I have been thinking about how to show that the set $ S = \{ \text{x is rational} , x^2 < 2 \} $ has no least upper bound in the rationals space, in a way that is intuitive for me. In that sense, I have been trying to formalize what I believe is a good idea:
I have to show that given any rational number whose square is more than $2$, there is still a smaller one whose square is also greater than $2$, that is, it is not the least upper bound.
Since the “input” rational is arbitrary, that is what is making my formalization harder to be made.
My idea is the following:
Take that input number, which I will denote by $q$ and using $1$ as a sort of pivot, add to it (almost) the entire difference $q-1$, that is , a fraction $\alpha = (n-1)/n$ of it, where $n$ is large enough (it will depend on $q$) to have that the “output” number $q’=1+\alpha*[q-1]$ (which is rational since rational plus rational is rational) satisfies: $q’<q$ and also $(q’)^2 > 2$
Could you please tell me what you think and how I can further formalize the idea to prove it is a valid proof, in the sense that it shows a way to construct a lower rational upper bound?

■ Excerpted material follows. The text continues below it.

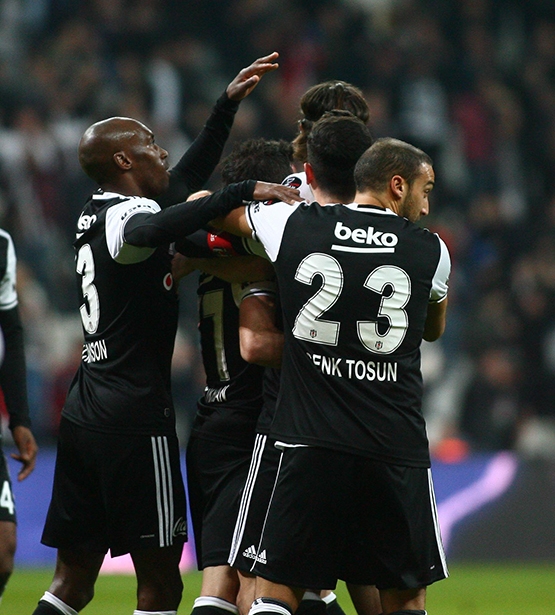 Beşiktaş - Çaykur Rizespor maçından kareler - Görsel 15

Ps : So far, I think that for the mentioned form of $\alpha$, taking $n > 1/(q-2)$ is big enough to ensure that $q' = 1+\alpha*[q-1]$ has a square bigger than two (the fact that is smaller than q is true for any alpha).
NOTE : I am not interested in proving the fact since I have read and understood other proofs already; my question is related to my approach and how to completely turn my "semi-proof" into a proof. Thank you in advance!